See the poetry docs for details on how to add/update dependencies.

3) Run the app

poetry run python main.py

Requirements

main.py Description

This section provides general information about the main.py and the overall CLI.

options:
  -h, --help            show this help message and exit
  --ref_data_path REF_DATA_PATH
                        Path to the dataset
  --tar_data_path TAR_DATA_PATH
                        Path to the dataset
  --model_output_folder MODEL_OUTPUT_FOLDER
                        Folder to save the model
  --monitoring_output_folder MONITORING_OUTPUT_FOLDER
                        Folder to save the monitoring results
  --data_visualization DATA_VISUALIZATION
                        Whether to visualize the data
  --train_model TRAIN_MODEL
                        Whether to train the model
  --monitor_model MONITOR_MODEL
                        Whether to monitor the model

Usage:

python main.py [-h] [--ref_data_path REF_DATA_PATH] [--tar_data_path TAR_DATA_PATH]
                    [--model_output_folder MODEL_OUTPUT_FOLDER] [--monitoring_output_folder MONITORING_OUTPUT_FOLDER]
                    [--data_visualization DATA_VISUALIZATION]
                    [--train_model TRAIN_MODEL] [--monitor_model MONITOR_MODEL]

Data Drift Report

Data drift refers to the phenomenon in which the statistical properties of a dataset used for training a machine learning model change over time. This can occur for various reasons, including shifts in the underlying population, changes in data collection methods, or alterations in the environment in which the data is generated.

When data drift happens, it can have a negative impact on the performance of machine learning models. Models trained on historical data may become less accurate or even fail to make accurate predictions when applied to new data that exhibits drift.

The Data Drift report helps detect and explore changes in the input data. Applies as suitable drift detection method for numerical, categorical or text features.

Plots feature values and distributions for the two datasets.The reference dataset serves as a benchmark. To detect a distribution shift, the change is analyzed by comparing current production data with reference data.

Code Example

data_drift_report = Report(metrics=[
    DataDriftPreset(),
])

data_drift_report.run(reference_data=ref, current_data=cur)
data_drift_report

Dataset Drift Results

The Data Drift reports are a crucial tool for maintaining the performance and reliability of machine learning systems in dynamic environments. They help organizations adapt to changing data distributions and ensure that their models continue to provide accurate predictions.

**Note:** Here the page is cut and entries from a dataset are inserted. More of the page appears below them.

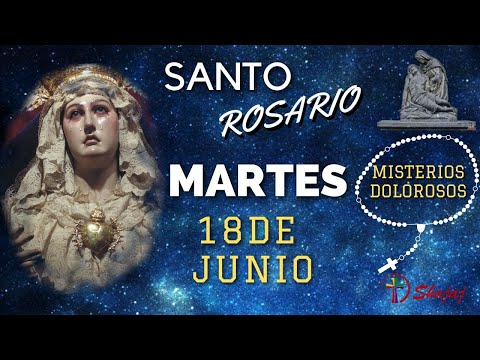 SANTO ROSARIO DE HOY MARTES 18 DE JUNIO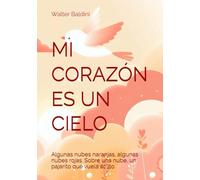 MI CORAZÓN ES UN CIELO: Algunas nubes naranjas, algunas nubes rojas. Sobre una nube, un pajarito que vuela solito. (Emociones para colorear)
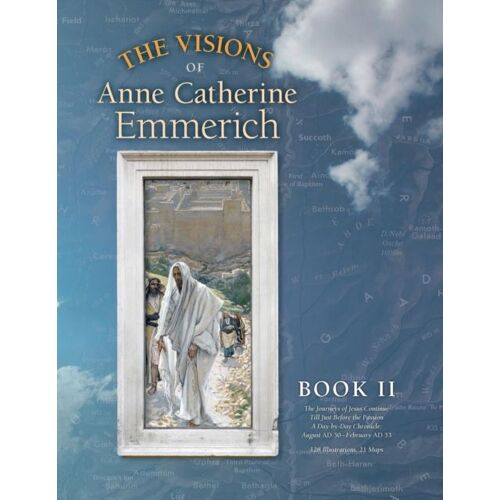 The Visions Of Anne Catherine Emmerich (Deluxe Edition)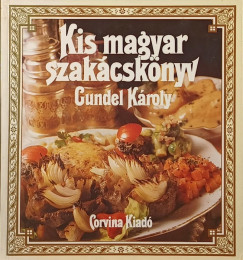 Gundel Kroly - Kis magyar szakcsknyv
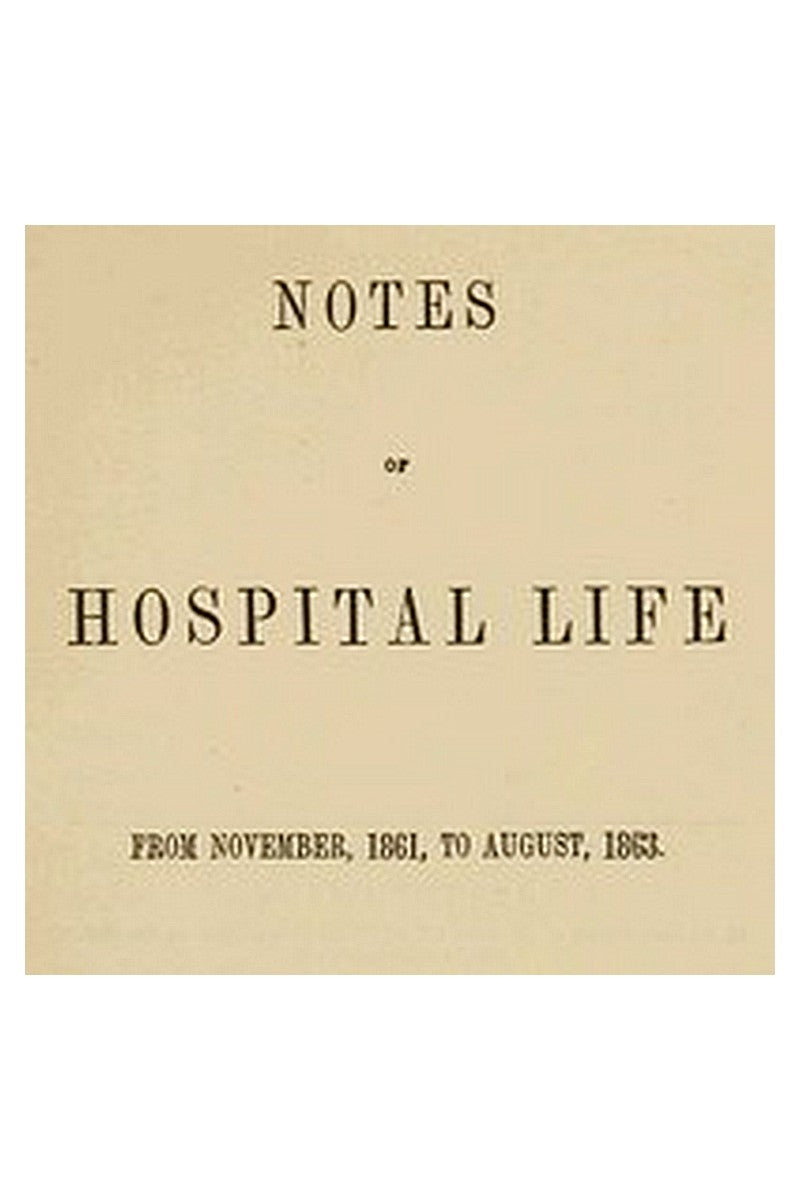 Notes of hospital life from November, 1861, to August, 1863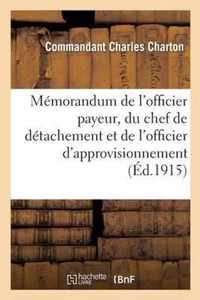 Memorandum de l'Officier Payeur, Du Chef de Detachement Et de l'Officier d'Approvisionnement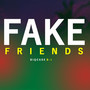 Fake Friends (Explicit)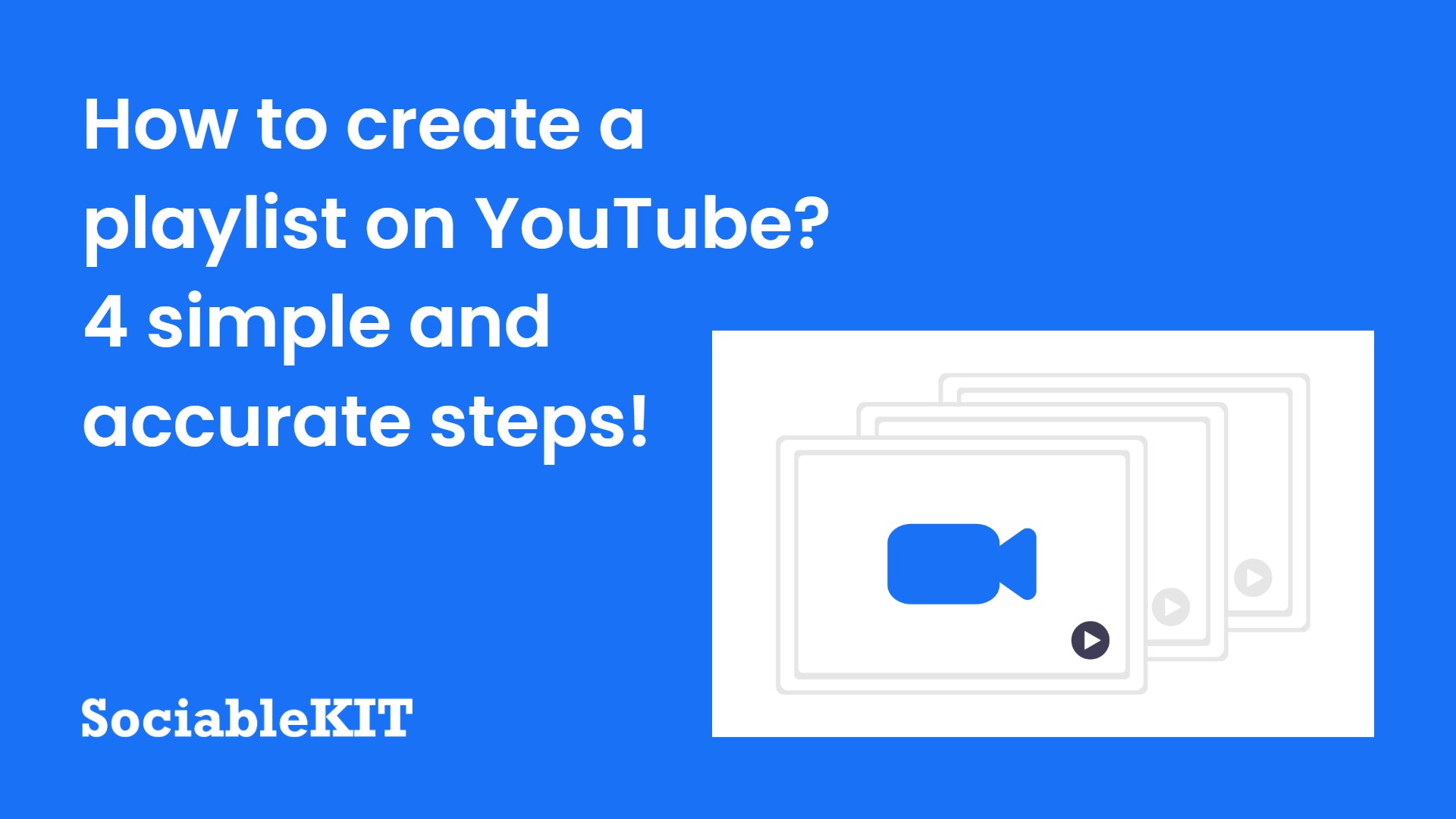 How to create a playlist on YouTube? 4 simple and accurate steps!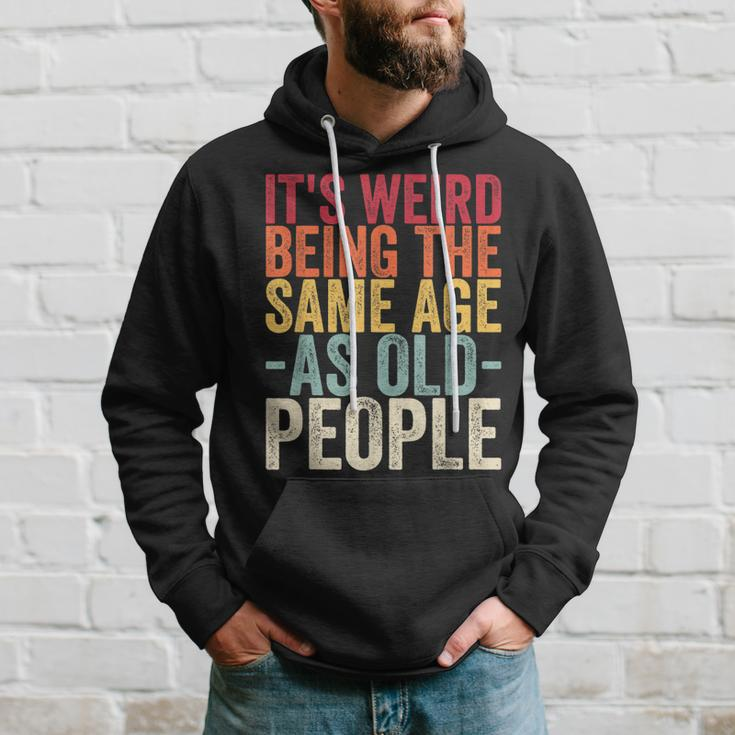 Its Weird Being The Same Age As Old People V31 Hoodie Gifts for Him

Classification Performance Report

A classification performance report is a summary and analysis of the performance of a classification machine learning model. This report is used to evaluate how well the model is doing at correctly categorizing or classifying data into different classes or categories.

To run this report, you need to have both target and prediction columns available.

Code Example

column_mapping = ColumnMapping()

column_mapping.target = "target"
column_mapping.prediction = "prediction"

classification_performance_report = Report(metrics=[
    ClassificationPreset(),
])

classification_performance_report.run(reference_data=ref, current_data=cur, column_mapping=column_mapping)

classification_performance_report

Classification Performance Results

A typical classification performance report comprises Accuracy, Precision, Recall, F1-Score, Class Representation, Confusion Matrix and Quality Metrics by Class.

A classification performance report is essential for assessing how well a classification model is performing, understanding its strengths and weaknesses, and making informed decisions about model tuning, feature engineering, or dataset modifications to improve classification accuracy and reliability.

FastAPI

Go to the project folder.

cd Task1

Initiate the FastAPI application.

python -m uvicorn ml_model_monitoring.model_deployment.api:app --reload

Go to http://localhost:8000 in your browser. You should receive the message "Welcome" as a result of a GET request for the '/' route.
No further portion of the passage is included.